Sempre avendo riguardo ai precedenti affermati dalla Quarta Sezione della Suprema Corte, il coordinatore, oltre ai compiti specificamente assegnatigli dall’art. 92 citato, svolge una autonoma funzione di alta vigilanza sulla generale configurazione delle lavorazioni che comportino rischio interferenziale e, sebbene non sia tenuto a un puntuale controllo delle singole attività lavorative, mantiene l’obbligo di attivarsi, in caso di sussistenza di un pericolo, nei termini di cui all’art. 92 c. 1, lett. f), cit.

Tale ultimo obbligo, tuttavia, non è correlato alla natura del rischio interferenziale che è chiamato a gestire, poiché egli risponde per colpa in omissione, allorquando versi in condizioni di avvedersi o essere informato dell’esistenza di un pericolo grave e imminente e rimanga inerte, a prescindere dal fatto che il pericolo sia correlato a un rischio interferenziale, ove il rapporto di causalità tra omissione ed evento deve essere verificato alla stregua di un giudizio di alta probabilità logica.

Nella vicenda de qua, la particolarità è data dal fatto che il giudizio controfattuale va commisurato all’astratta esistenza della figura di gestore mancante, secondo una sequenza fisiologica astratta, per la quale, esistendo detta figura di garante e configurati normativamente i suoi obblighi di controllo e i suoi poteri inibitori, l’indagine riguarderà l’efficacia/inefficacia sul decorso causale della condotta doverosa esigibile nel caso concreto.

Alla luce di tali considerazioni, gli Ermellini hanno affermato come la Corte d’Appello di Trieste è incorsa nelle violazioni di legge dedotte dai ricorrenti. La stessa, senza confrontarsi con i dati fattuali e il ragionamento predittivo operati e valorizzati dal primo giudice, ha ritenuto del tutto irrilevante la presenza del coordinatore per l’esecuzione dei lavori, operando un giudizio unitario sulla causalità della colpa e sulla colpa in senso soggettivo.

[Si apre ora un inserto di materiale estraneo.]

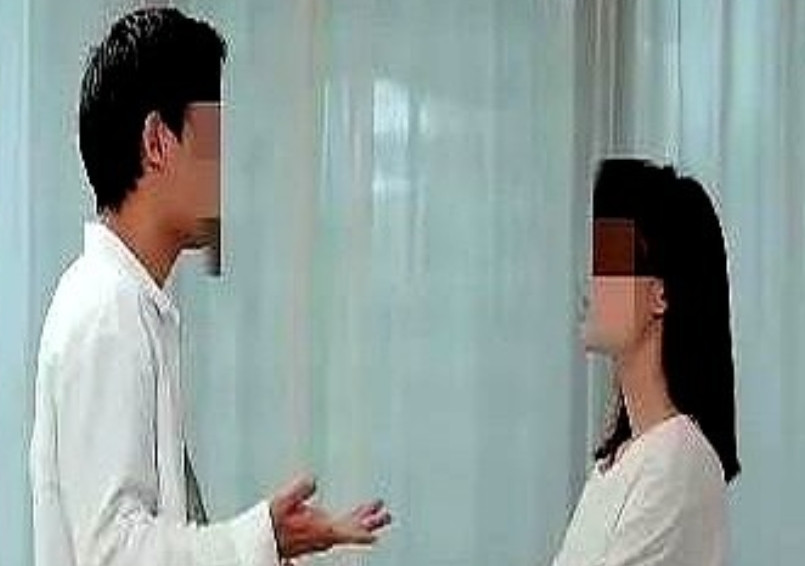 女方说要26万彩礼，男方说要婚前检查。女方当场就炸了：“查这查那啥意思？不信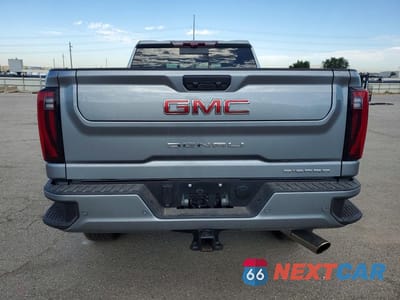 Zdjęcie 6 z 12 samochodu: 2026 GMC SIERRA K2500 DENALI VIN:1GT4URE74TF220095 - miniatura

Quanto al primo aspetto, ha escluso in maniera apodittica che l’evento fosse stato conseguenza del concretizzarsi di un rischio interferenziale, derivandone così l’assenza di un obbligo di attivazione del coordinatore e, quanto al secondo aspetto, ha ritenuto che, anche a voler ipotizzare l’esistenza di un rischio interferenziale, il coordinatore non avrebbe potuto rendersi conto del pericolo grave e imminente di crollo, posto che lo stesso era stato conseguenza di un errore di calcolo del progettista e che il rischio evoluto nella produzione dell’evento aveva riguardato la fase che competeva all’appaltatore.

La contraddizione è lapalissiana a giudizio della Suprema Corte.

Difatti, con riferimento alla colpa in senso soggettivo, nell’ipotesi di cui all’art. 90, comma 4, D. Lgs. n. 81/2008, il committente deve designare, ancor prima dell’affidamento dei lavori, un coordinatore che sia in possesso dei requisiti di cui all’art. 98 (del correlato titolo di studio, di esperienza nello specifico settore della sicurezza e della prevenzione). Pertanto, è del tutto incongrua, rispetto al paradigma legale, l’affermazione della Corte secondo la quale il coordinatore non avrebbe potuto percepire il pericolo grave e imminente di cedimento, non essendo in possesso di competenze pari a quelle del progettista.

I giudici di legittimità, alla luce dell’evidente contraddizione motivazionale e della manifesta infondatezza delle ragioni fornite, hanno dunque ritenuto di dover annullare con rinvio la sentenza impugnata.